**MATERIAL PROVIDED**
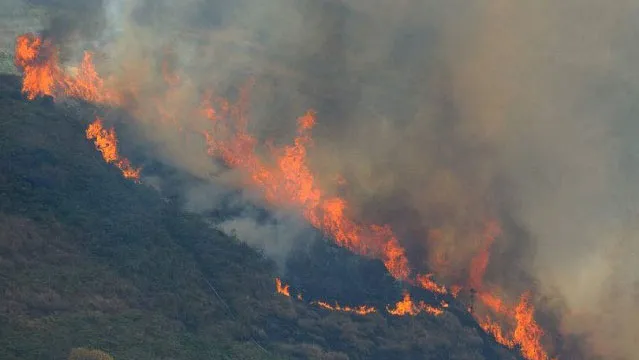 Segundo Marina Silva, incêndios criminosos são facilitados pelo corte seletivo da floresta.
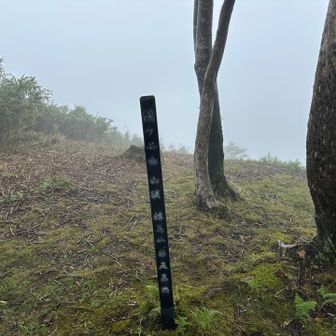 鍋ヶ屋山山頂。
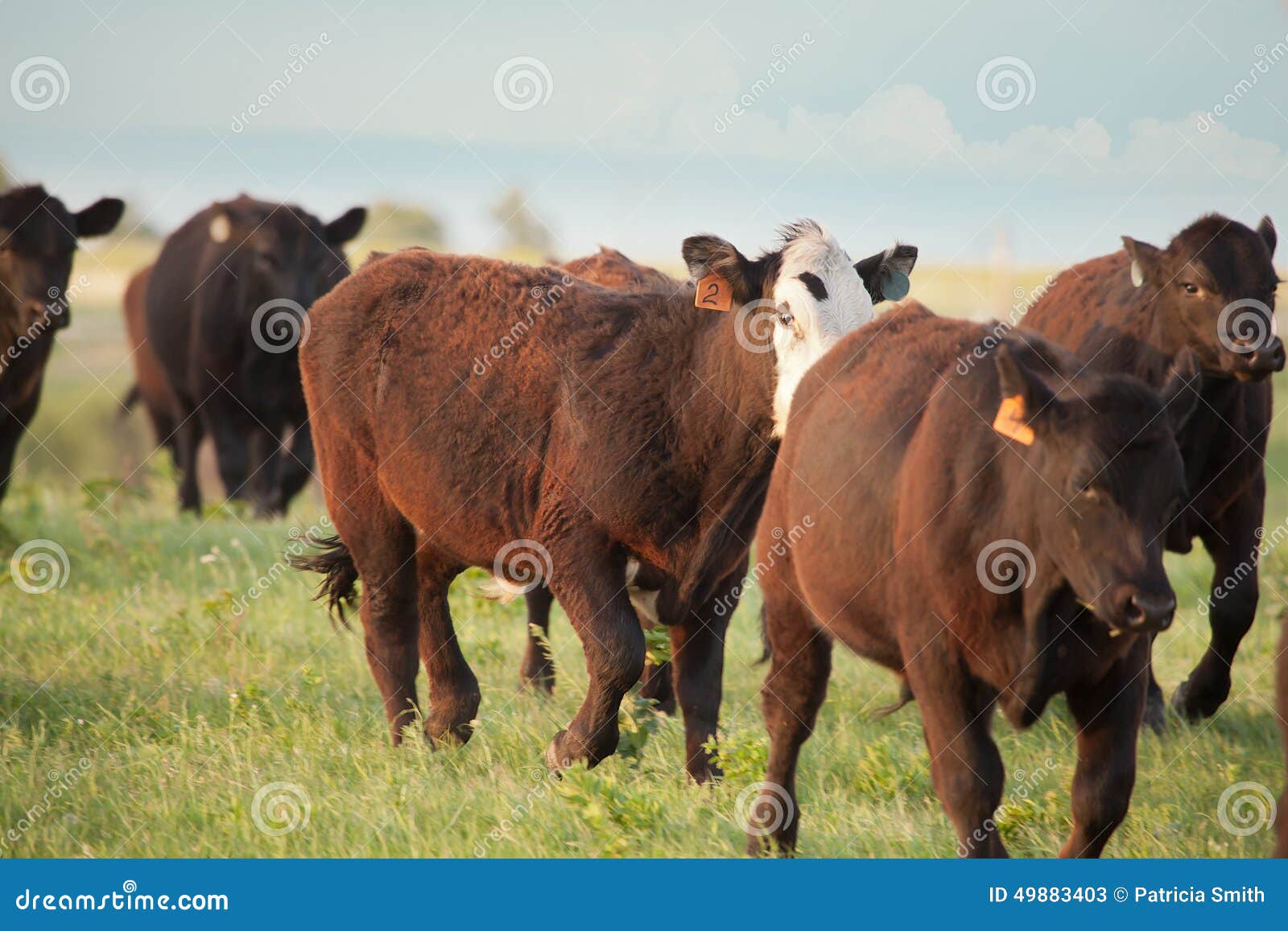 cattle run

**WHAT TO PRODUCE**
Go through the data above and transcribe it in full, omitting any image.

**RESPONSE BELOW**
 Segundo Marina Silva, incêndios criminosos são facilitados pelo corte seletivo da floresta.
 鍋ヶ屋山山頂。
 cattle run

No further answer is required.